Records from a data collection
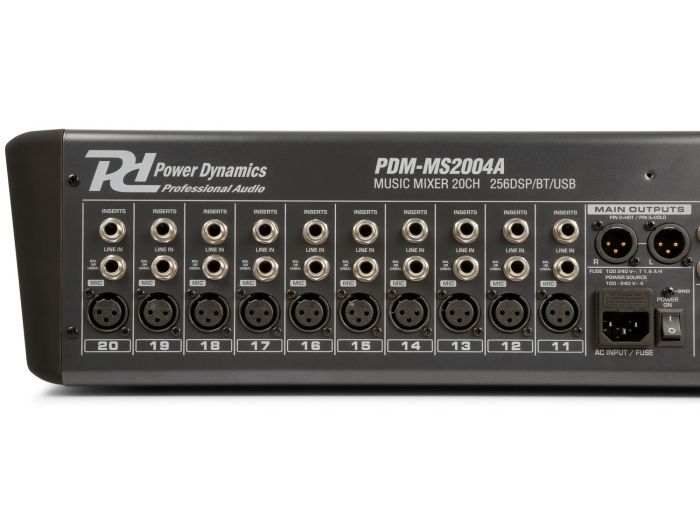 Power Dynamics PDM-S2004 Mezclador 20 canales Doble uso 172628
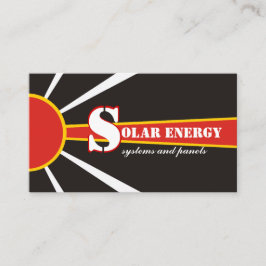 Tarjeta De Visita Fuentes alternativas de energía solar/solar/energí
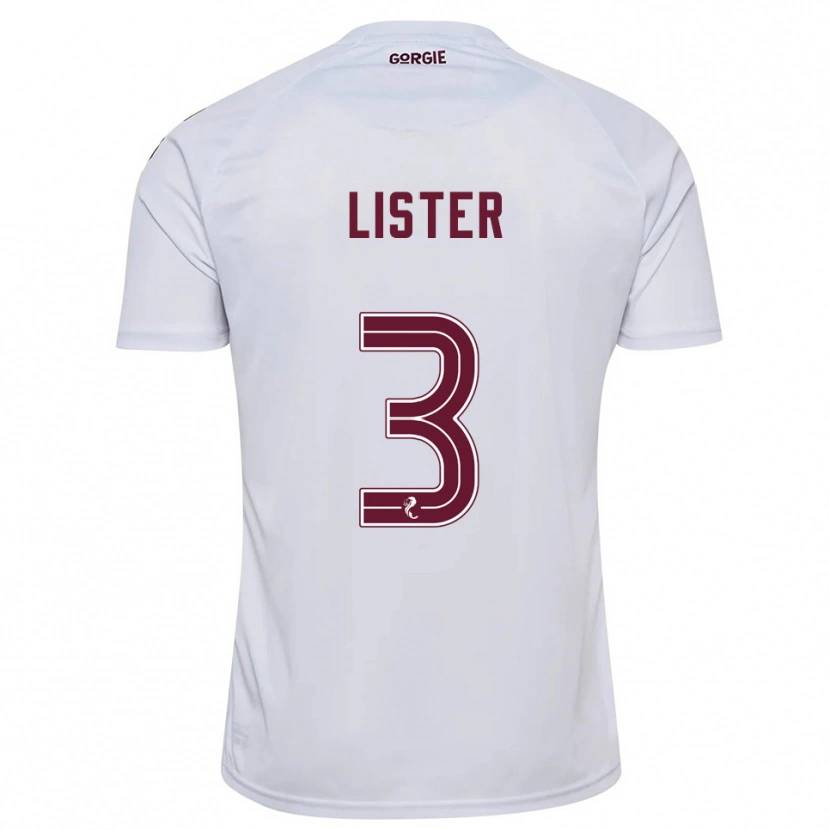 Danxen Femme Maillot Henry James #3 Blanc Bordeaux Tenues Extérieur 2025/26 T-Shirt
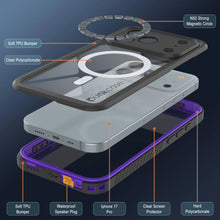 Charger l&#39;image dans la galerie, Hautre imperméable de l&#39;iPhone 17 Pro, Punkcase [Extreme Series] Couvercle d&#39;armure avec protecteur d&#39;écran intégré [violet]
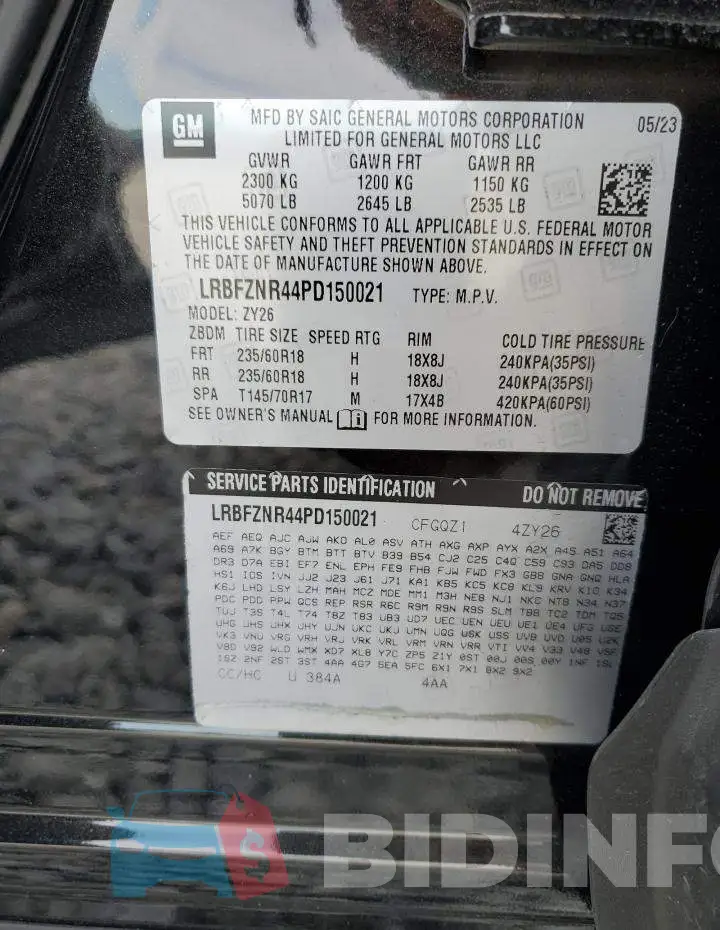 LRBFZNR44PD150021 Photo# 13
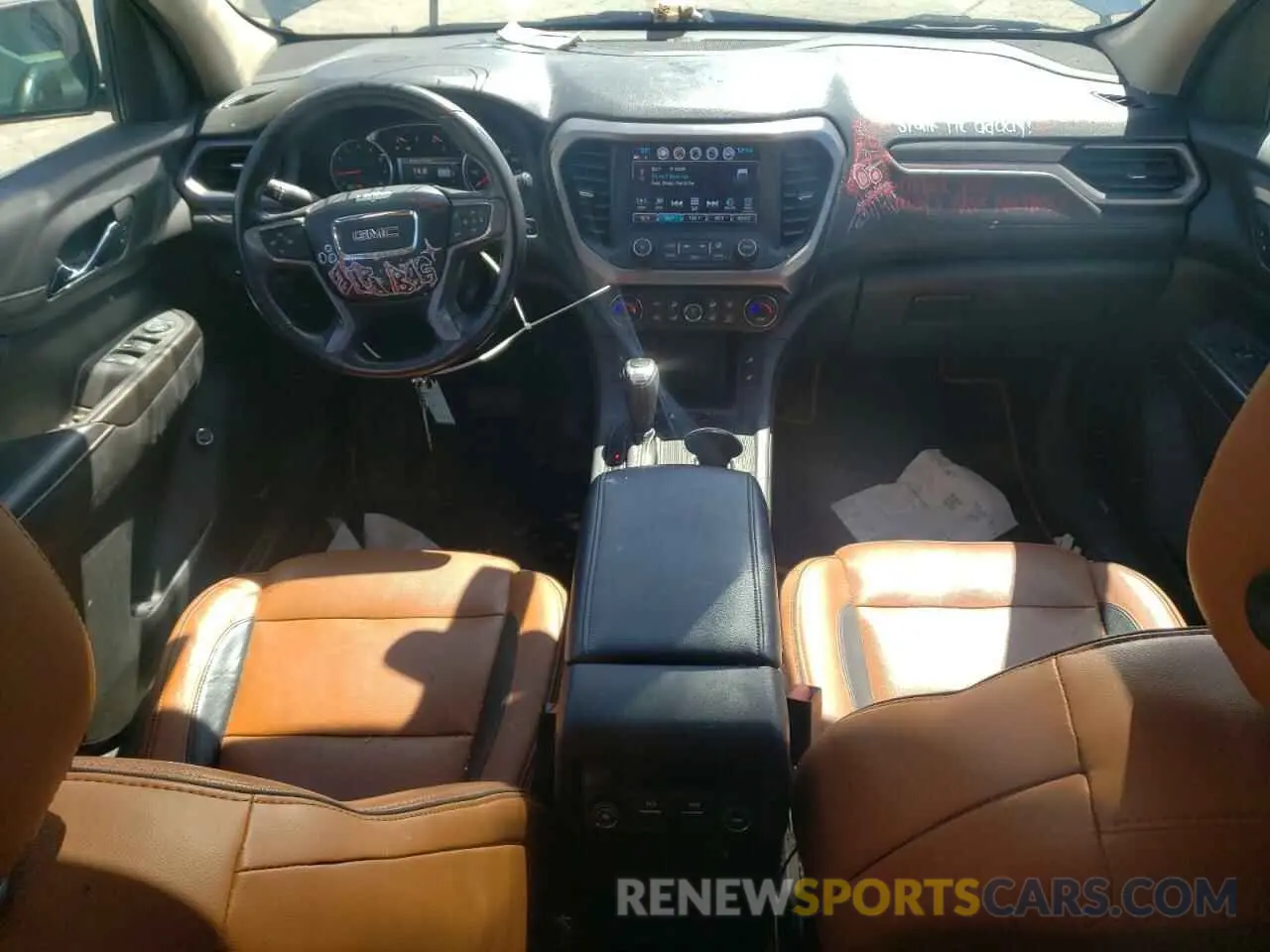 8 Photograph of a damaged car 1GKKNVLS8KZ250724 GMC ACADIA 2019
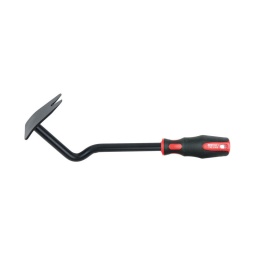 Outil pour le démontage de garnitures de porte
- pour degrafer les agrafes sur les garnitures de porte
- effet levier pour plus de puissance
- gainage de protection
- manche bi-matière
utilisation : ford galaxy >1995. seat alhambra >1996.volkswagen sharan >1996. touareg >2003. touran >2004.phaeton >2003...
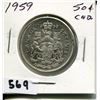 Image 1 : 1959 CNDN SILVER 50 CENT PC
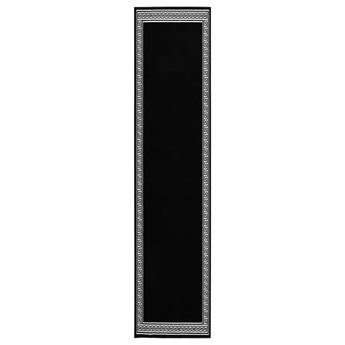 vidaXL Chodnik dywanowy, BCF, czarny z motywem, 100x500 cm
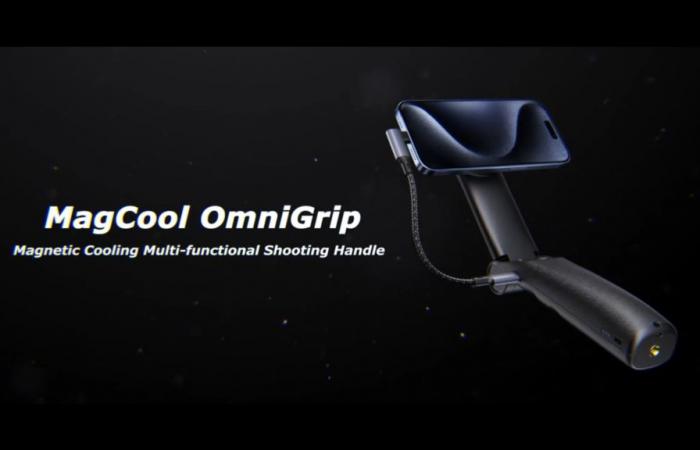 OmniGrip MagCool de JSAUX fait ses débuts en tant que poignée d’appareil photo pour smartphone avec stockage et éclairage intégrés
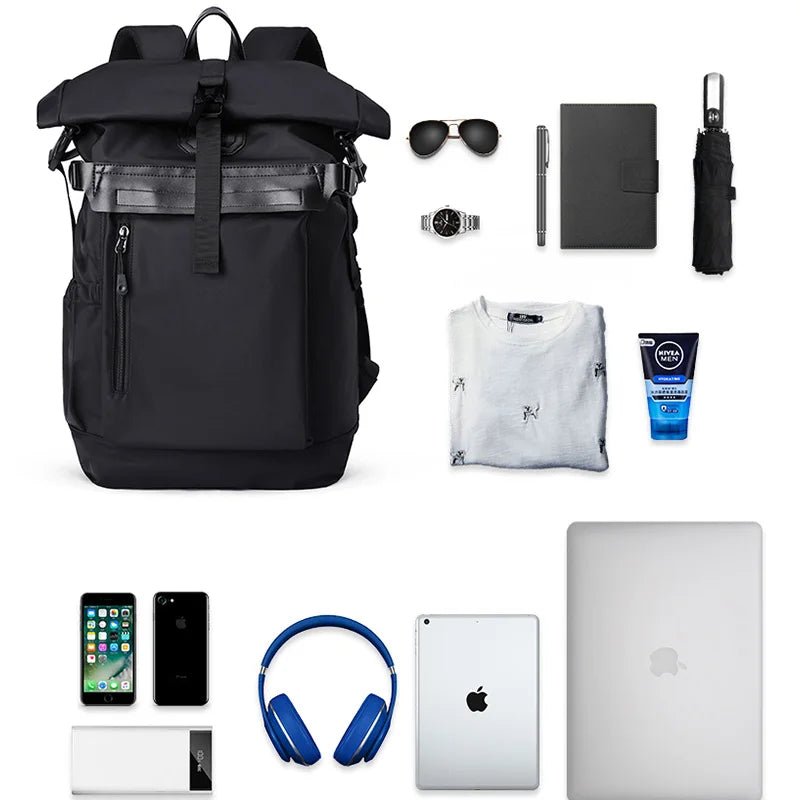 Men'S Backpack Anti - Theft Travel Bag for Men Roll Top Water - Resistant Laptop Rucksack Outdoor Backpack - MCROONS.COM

(Your objective) Your task is to reproduce exactly the lines running from the line that contains "Tarjeta De Visita" to the end of the records, pictures excluded.

(Written reply)
 Tarjeta De Visita Fuentes alternativas de energía solar/solar/energí
 Danxen Femme Maillot Henry James #3 Blanc Bordeaux Tenues Extérieur 2025/26 T-Shirt
 Charger l&#39;image dans la galerie, Hautre imperméable de l&#39;iPhone 17 Pro, Punkcase [Extreme Series] Couvercle d&#39;armure avec protecteur d&#39;écran intégré [violet]
 LRBFZNR44PD150021 Photo# 13
 8 Photograph of a damaged car 1GKKNVLS8KZ250724 GMC ACADIA 2019
 Outil pour le démontage de garnitures de porte
- pour degrafer les agrafes sur les garnitures de porte
- effet levier pour plus de puissance
- gainage de protection
- manche bi-matière
utilisation : ford galaxy >1995. seat alhambra >1996.volkswagen sharan >1996. touareg >2003. touran >2004.phaeton >2003...
 Image 1 : 1959 CNDN SILVER 50 CENT PC
 vidaXL Chodnik dywanowy, BCF, czarny z motywem, 100x500 cm
 OmniGrip MagCool de JSAUX fait ses débuts en tant que poignée d’appareil photo pour smartphone avec stockage et éclairage intégrés
 Men'S Backpack Anti - Theft Travel Bag for Men Roll Top Water - Resistant Laptop Rucksack Outdoor Backpack - MCROONS.COM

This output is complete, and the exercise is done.